Parents and school districts had argued the state hasn’t lived up to its promises to increase school funding under a 2005 order by the Kansas Supreme Court. The result, they argued, damaged student achievement.
“It’s a great victory for all of the kids of Kansas,” said Wichita lawyer Alan Rupe, who represented a coalition of 54 Kansas school districts in the lawsuit. “This opinion underscores what that commitment should be for the future.”
Kansas Attorney General Derek Schmidt vowed to appeal to the state Supreme Court, while other critics derided the ruling as an overreach by the court.
There are similar cases around the country, some recently decided and many still in state courts. A little over a year ago, I wrote in detail about the plaintiffs’ success in Lobato v. Colorado, proving to a judge that systematic underfunding has a demonstrable negative effect that violates the education provisions in the Colorado state constitution. The state of Colorado is appealing that ruling.

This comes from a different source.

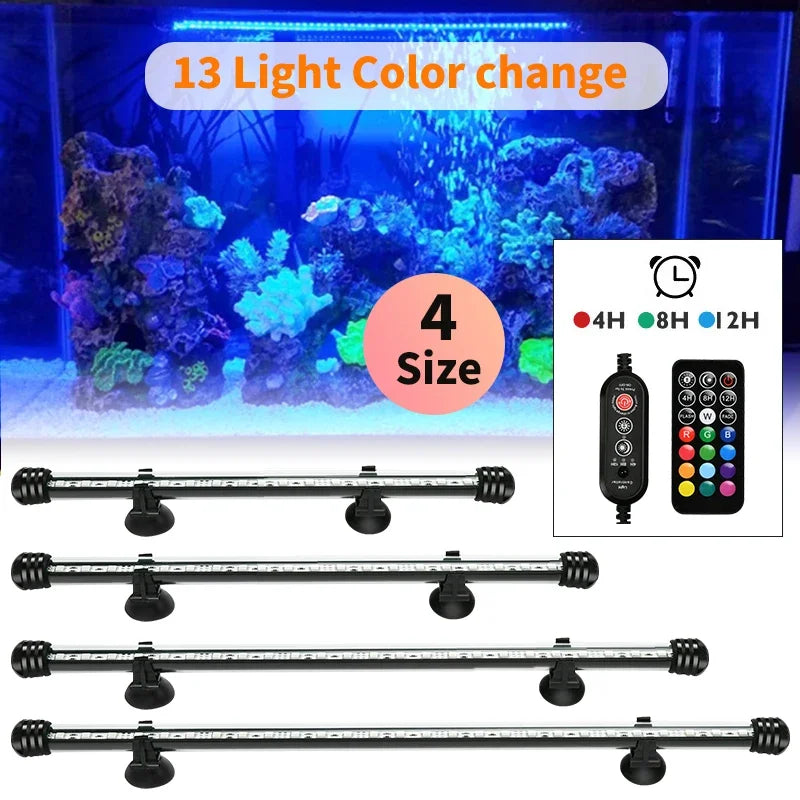 Aquarium 21 LED Light Remote Control Diving Lamp Plant Grow Lighting Underwater Fish Tank Light RGB Led Aquarium Accessories EU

There’s one disheartening part of these stories, though. See, it was less than a decade ago that the Kansas Supreme Court reached a similar ruling, and attempted to compel the state to improve school funding. So now we have another ruling, and an upcoming appeal, and who knows how long the state will get away with neglecting its students and schools. The same issue has come up in the state of Washington as well – the court can deliver a ruling, but only the legislatures can pass a budget. Will this end up being another short-lived victory, undercut by a legislature that can’t really be held accountable for compliance?